6. Limitations, misconceptions, and open problems
A persistent misconception is that PIR is simply “asking more questions.” The evidence is more restrictive. MediQ shows that directly prompting models to ask questions can degrade performance (Li et al., 2024). In the original PIR paper, helpfulness-only reward raises helpfulness and accuracy relative to some alternatives but also yields the highest TTR = 2.63, whereas efficiency-only reward minimizes interaction turns but drops accuracy to 25.1 on Math-Chat; the best trade-off comes from the composite reward (Chen et al., 29 Jan 2026). This suggests that good PIR requires calibrated interaction, not maximal interaction.

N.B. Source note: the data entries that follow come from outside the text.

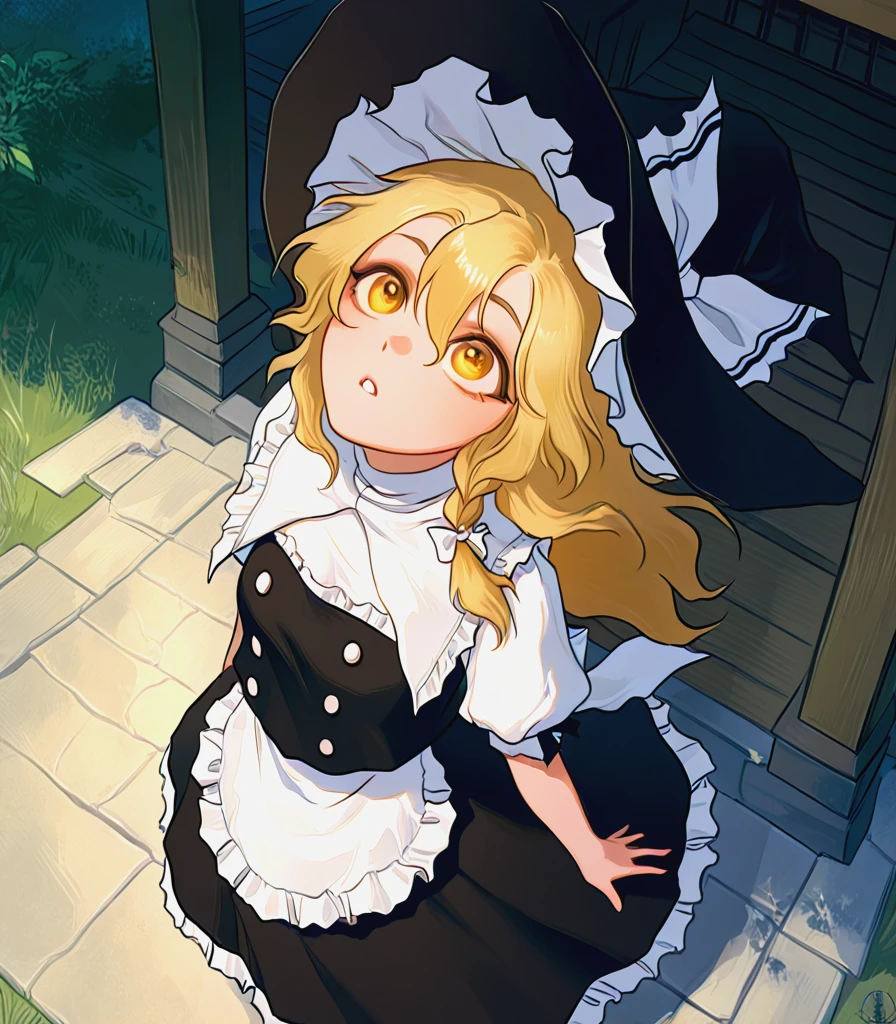 best quality, (high quality, highres, masterpiece),
nat the lich,
1girl, kirisame marisa, standing, looking up,
(from above:1.2), dynamic angle, (dutch angle:1.15),
hakurei shrine,
round eyes, anime, detailed eyes,
<lora:Illustrious_Nat_The_Lich_-_Artist_Style:1.0>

A second misconception is that the main obstacle in proactive assistants is low-level execution. KnowU-Bench reports that the core bottlenecks are preference acquisition and intervention calibration, not GUI navigation (Chen et al., 9 Apr 2026). PIRA-Bench shows a related pattern: GPT-5.2 achieves 84.54 recall under PIRF, but its precision and normalized false-positive behavior remain much weaker than human performance, indicating over-proactivity rather than insufficient perception (Chai et al., 9 Mar 2026). A plausible implication is that the hardest part of PIR is often not action execution but deciding when evidence is sufficient and when silence is preferable.
The original PIR framework also states explicit limitations. The user simulator may not capture linguistic noise, dynamic or shifting intent, minority user behaviors, or full diversity of real interaction styles. The work does not include dedicated safety evaluation for violence, sexual content, self-harm, hate speech, or other sensitive topics (Chen et al., 29 Jan 2026). More broadly, neighboring systems expose unresolved issues around simulator realism, calibration under distribution shift, user-burden modeling, and long-horizon multi-turn adaptation.

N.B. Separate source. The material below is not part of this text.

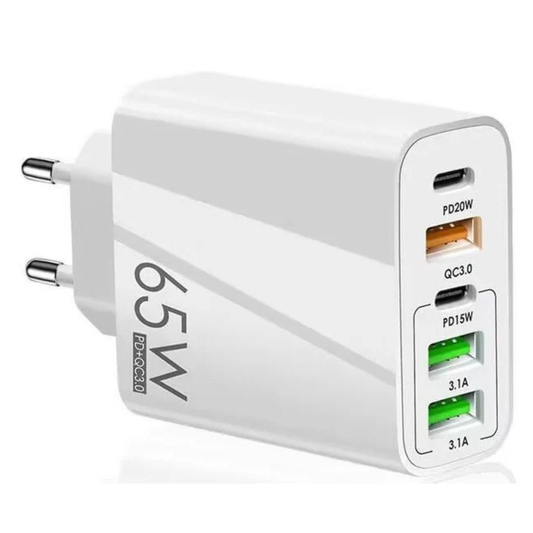 65W PD Fast Charger with 3 USB & 2 USB-C Ports | QC 3.0 Multi-Port USB Wall Charger Adapter - White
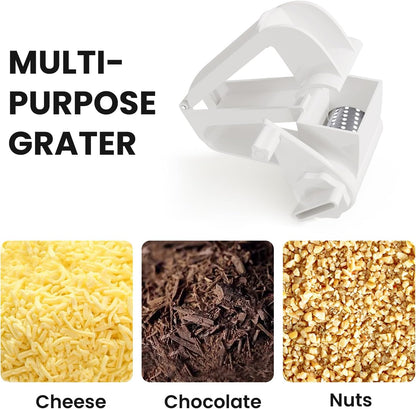 NEZUIBAN Cheese Grater with Handle, Rotary Cheese Grater,Vegetable, Chocolate, Hard Cheese & Nut Grater,White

Finally, the acronym itself is overloaded. “Precedent-Informed Reasoning” is a distinct test-time precedent-learning framework for large reasoning models and should not be conflated with Proactive Interactive Reasoning (Wang et al., 16 Feb 2026). This naming overlap is more than terminological: it highlights that current literature still lacks a single stabilized taxonomy for reasoning systems that actively acquire information, modulate intervention, or internalize external guidance.

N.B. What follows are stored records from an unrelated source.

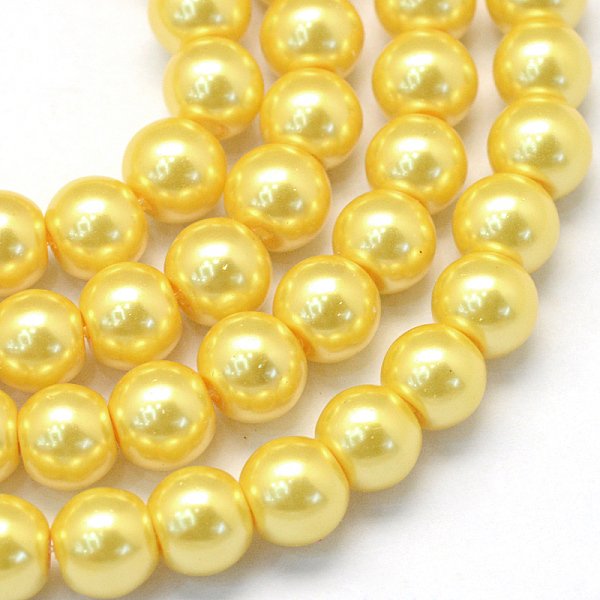 

PandaHall Baking Painted Pearlized Glass Pearl Round Bead Strands, Gold, 8~9mm, Hole: 1mm, about 105pcs/strand, 31.4 inch Glass Round Gold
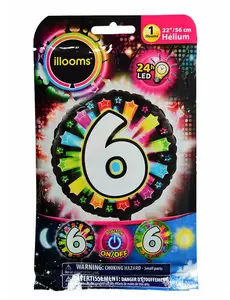 Illooms® Wielokolorowy Balon Foliowy LED Numer 6 50cm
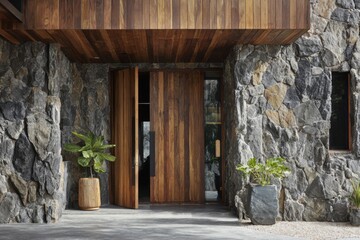 Fototapeta premium Wooden doors open to reveal a stone wall entrance at a modern building surrounded by plants, showcasing natural materials and design features in a bright setting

Taken together, the literature suggests that PIR is best viewed not as one algorithm but as a family of reasoning architectures in which models treat missing information, hidden preferences, latent goals, or unfolding dynamics as first-class objects of control. The recurring design pattern is to replace unconditional answer generation with a policy that can recognize insufficiency, acquire targeted evidence, and commit only when the evidence state justifies commitment.